1 For the ellipse the focus is given by (f,0) where f=√a²-b². For the hyperbola the focus is (f,0) where f=√(a²-2b²)+b²=√a²-b², as for the ellipse, so both conics are confocal.
2 If we write the equation for the ellipse y²/b²=1-x²/a² and for the hyperbola y²/b²=x²/(a²-2b²)-1, then we can equate the expressions in x: 1-x²/a²=x²/(a²-2b²)-1. Multiply through by a²(a²-2b²) we get: 2a²(a²-2b²)-x²(a²-2b²)=a²x², from which x²=a²(a²-2b²)/(a²-b²). So x²/a²=(a²-2b²)/(a²-b²) and y²/b²=1-(a²-2b²)/(a²-b²)=b²/(a²-b²) and y=b²/√(a²-b²) [which can also be written b²/C if C²=a²-b²].
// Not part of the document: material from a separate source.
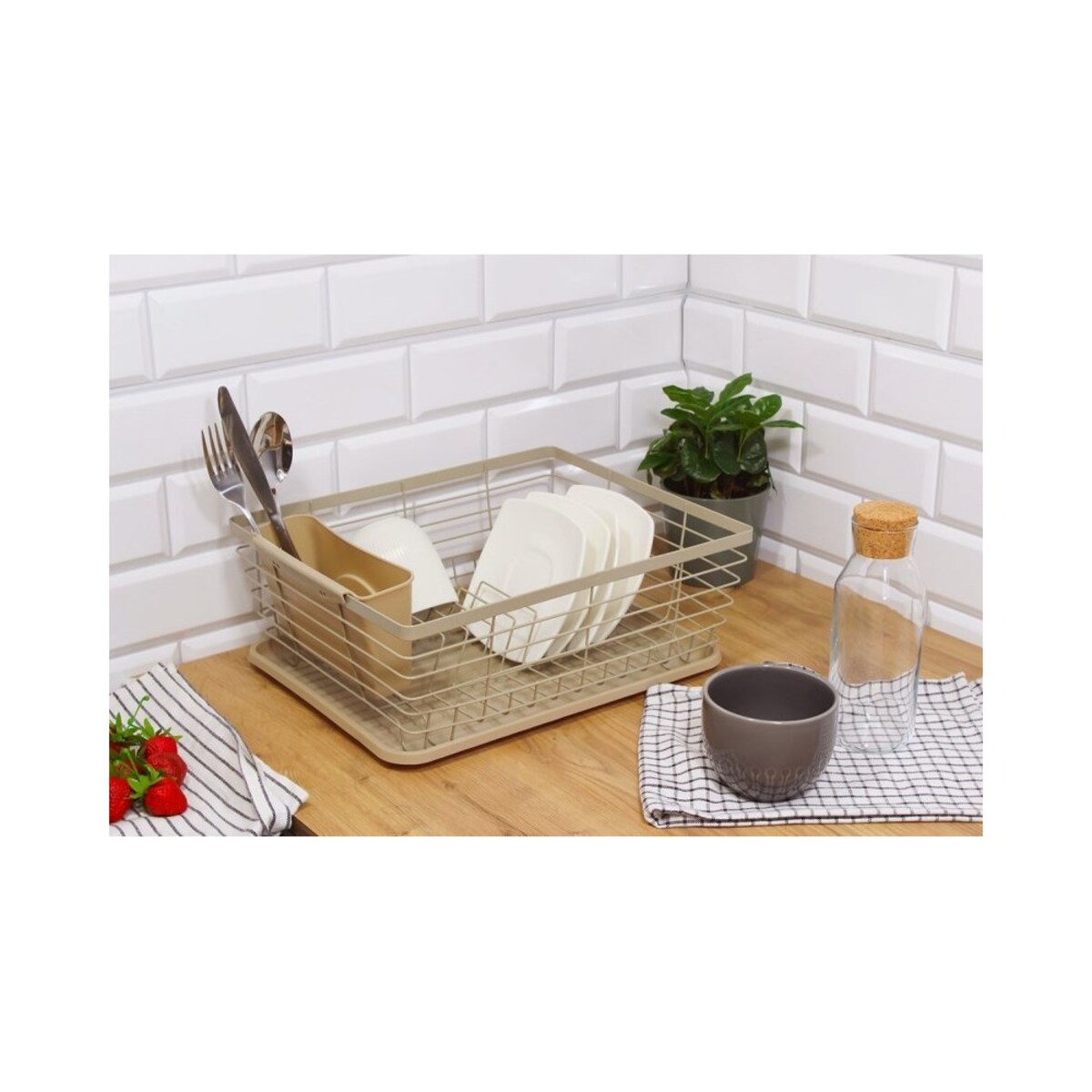 Brunbeste suszarka do naczyń z ociekaczem i tacą 63255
There are four points of intersection:
(a√((a²-2b²)/(a²-b²)), b²/√(a²-b²));
(a√((a²-2b²)/(a²-b²)), -b²/√(a²-b²));
(-a√((a²-2b²)/(a²-b²)), b²/√(a²-b²));
(-a√((a²-2b²)/(a²-b²)), -b²/√(a²-b²)).
3 The first quadrant intercept is at x=a√((a²-2b²)/(a²-b²))=a√(a²-2b²)/C, y=b²/C.
b²=a²(1-e²) for the ellipse, so e=√(a²-b²)/a, and E=√((a²-2b²+b²)/(a²-2b²))=√((a²-b²)/(a²-2b²)) for the hyperbola. Therefore 1/E=√((a²-2b²)/(a²-b²)) and 1/e=a/√(a²-b²).
So 1/eE=a√(a²-2b²)/C²=x/C, therefore x=C/eE. The first quadrant intercept is therefore at x=C/eE and y=b²/C, QED.